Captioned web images
Content starts

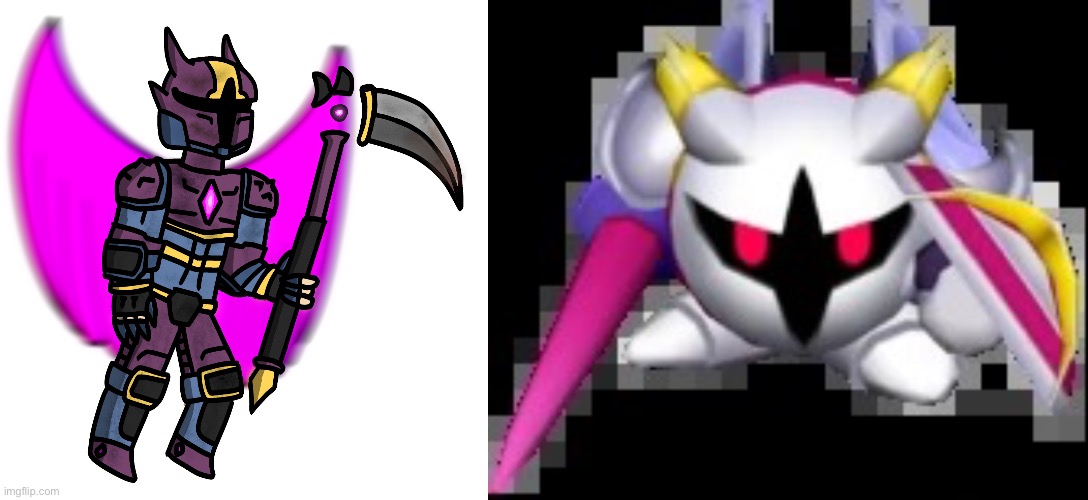ok but seriously they look too similar, i’d change Supernova’s design but he’s my main oc now and i love his design too much | image tagged in supernova imgflip-bossfights,forward facing galacta knight | made w/ Imgflip meme maker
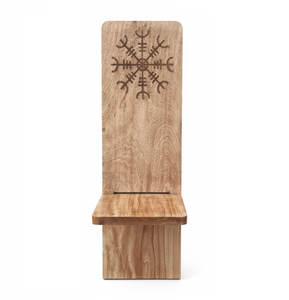 Chaise Viking Portable Personnalisée - Tabouret Pliant en Bois Détachable avec Symbole de Rune Aegishjalmur Sculpté Chaise de Camping Nordique - Product Image 2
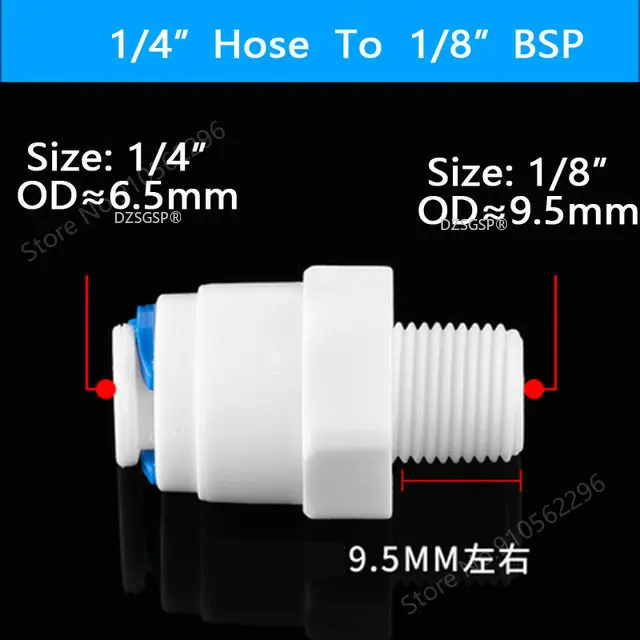 Reverse Osmosis Quick Coupling 1/4 3/8 Hose Connection Connector 2 Way Equal Straight Water Plastic Pipe Fitting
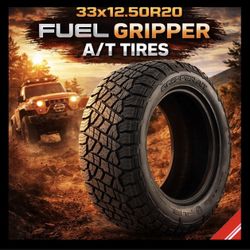 Brand New 33X12.50R20 Fuel Gripper A/T Tires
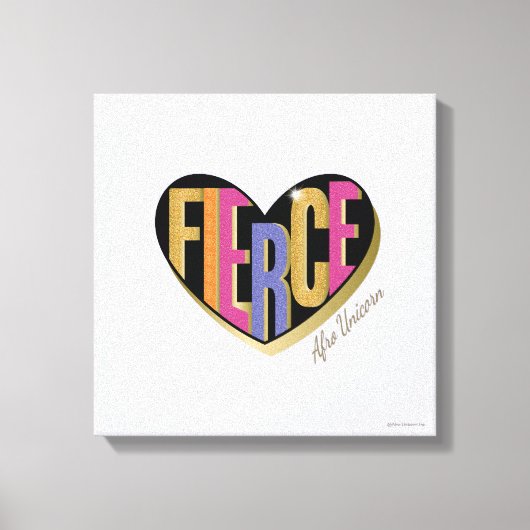Afro Eenhoorn Fierce Heart Design Canvas Afdruk (Voorkant)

Content ends

## Work item
Reproduce every entry word for word, but omit the pictures.

## Task solution
ok but seriously they look too similar, i’d change Supernova’s design but he’s my main oc now and i love his design too much | image tagged in supernova imgflip-bossfights,forward facing galacta knight | made w/ Imgflip meme maker
 Chaise Viking Portable Personnalisée - Tabouret Pliant en Bois Détachable avec Symbole de Rune Aegishjalmur Sculpté Chaise de Camping Nordique - Product Image 2
 Reverse Osmosis Quick Coupling 1/4 3/8 Hose Connection Connector 2 Way Equal Straight Water Plastic Pipe Fitting
 Brand New 33X12.50R20 Fuel Gripper A/T Tires
Afro Eenhoorn Fierce Heart Design Canvas Afdruk (Voorkant)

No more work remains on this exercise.